**Task objective**
Could you transcribe exactly the lines below, from the line with "草刈機 FNC1402 写真６" through the line with "For Sale: $199,000", and nothing else, leaving out the pictures?

**Data for the task**
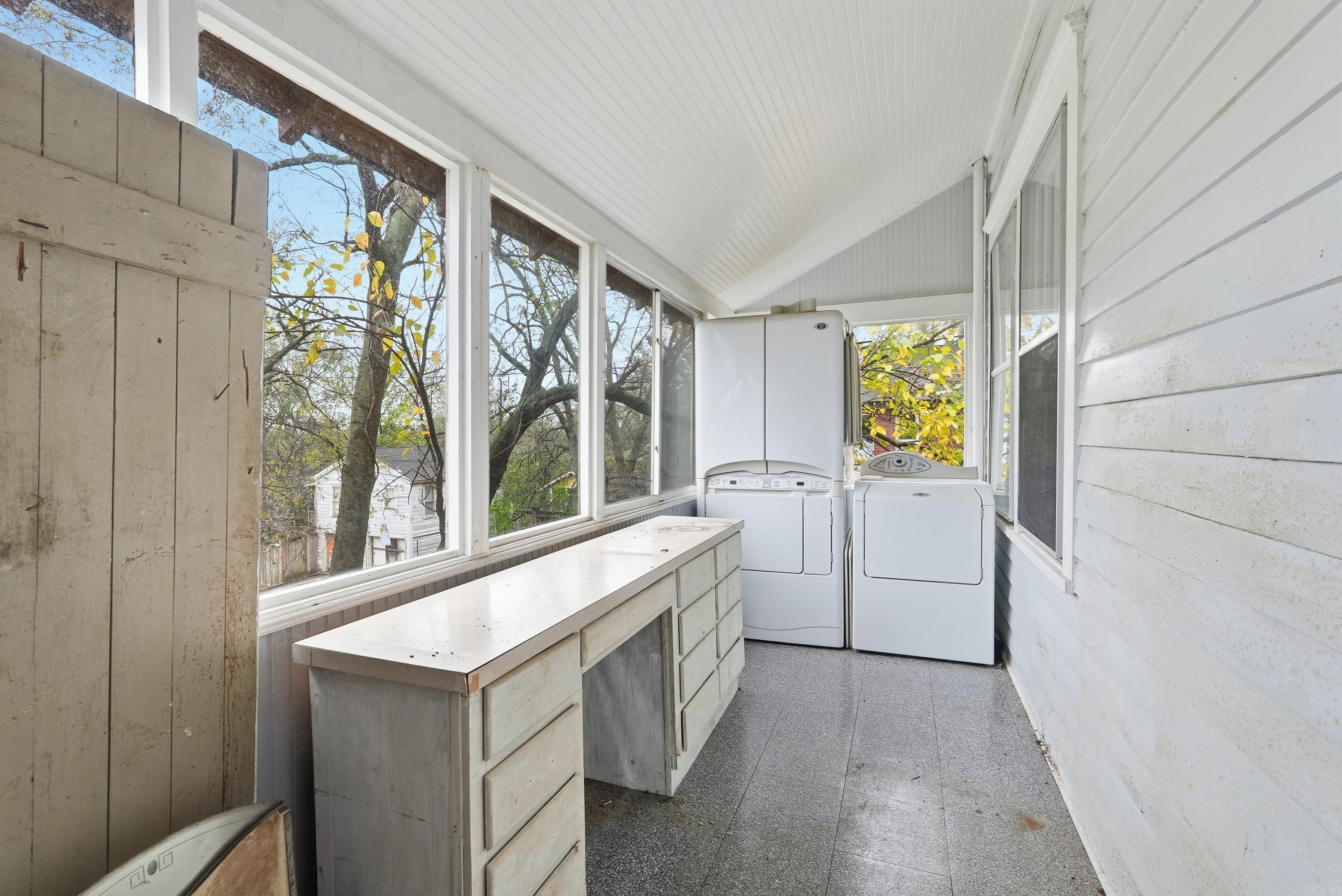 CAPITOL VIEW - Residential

--

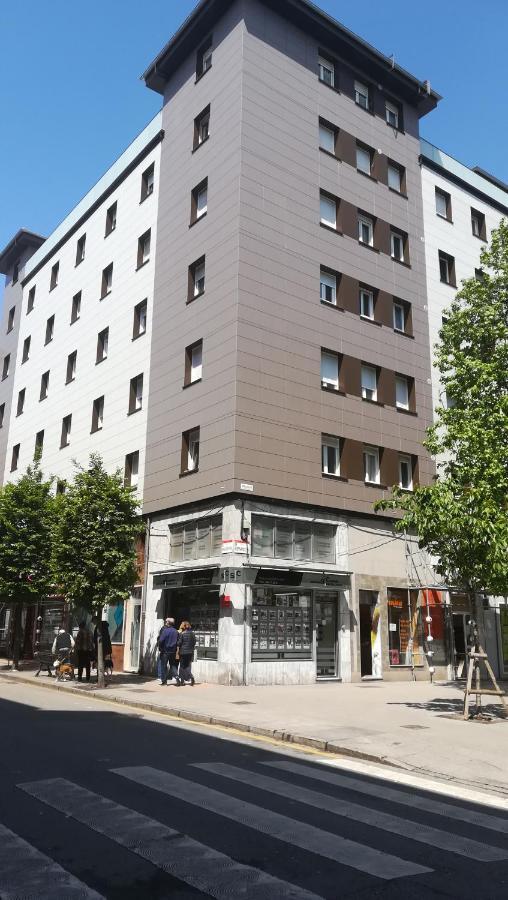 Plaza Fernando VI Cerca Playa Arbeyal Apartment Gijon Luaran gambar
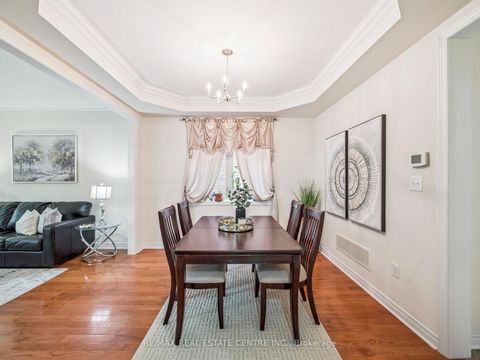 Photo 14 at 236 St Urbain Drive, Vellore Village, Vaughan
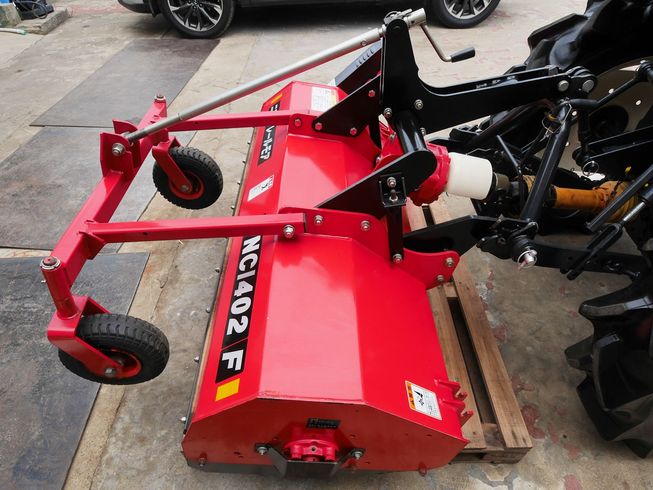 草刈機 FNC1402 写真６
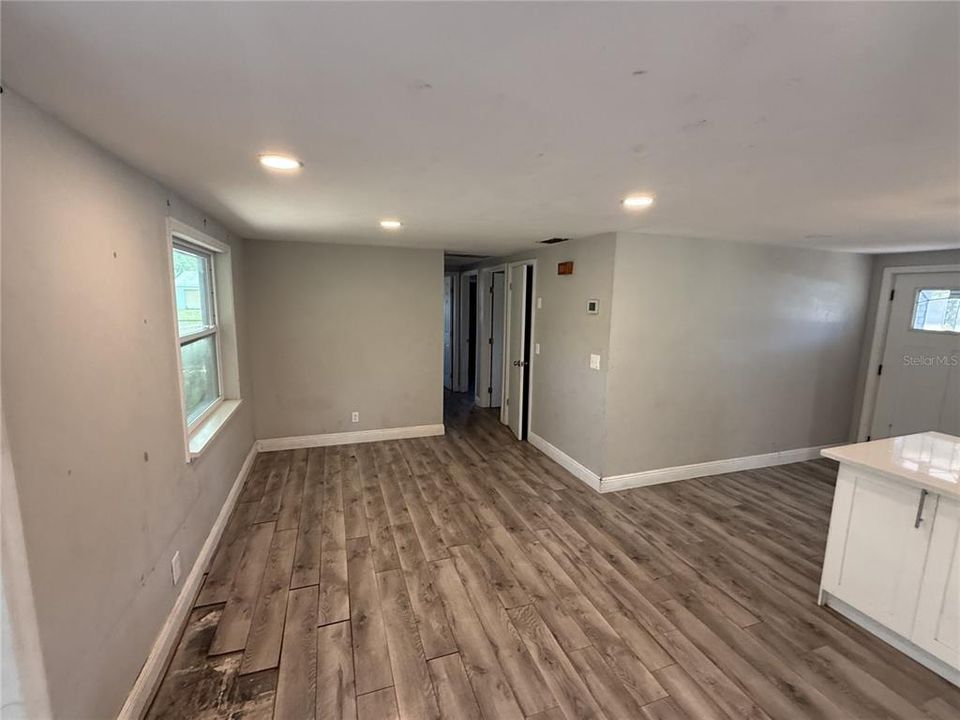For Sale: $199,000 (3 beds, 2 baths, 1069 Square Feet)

**Solution for this problem**
 草刈機 FNC1402 写真６
For Sale: $199,000 (3 beds, 2 baths, 1069 Square Feet)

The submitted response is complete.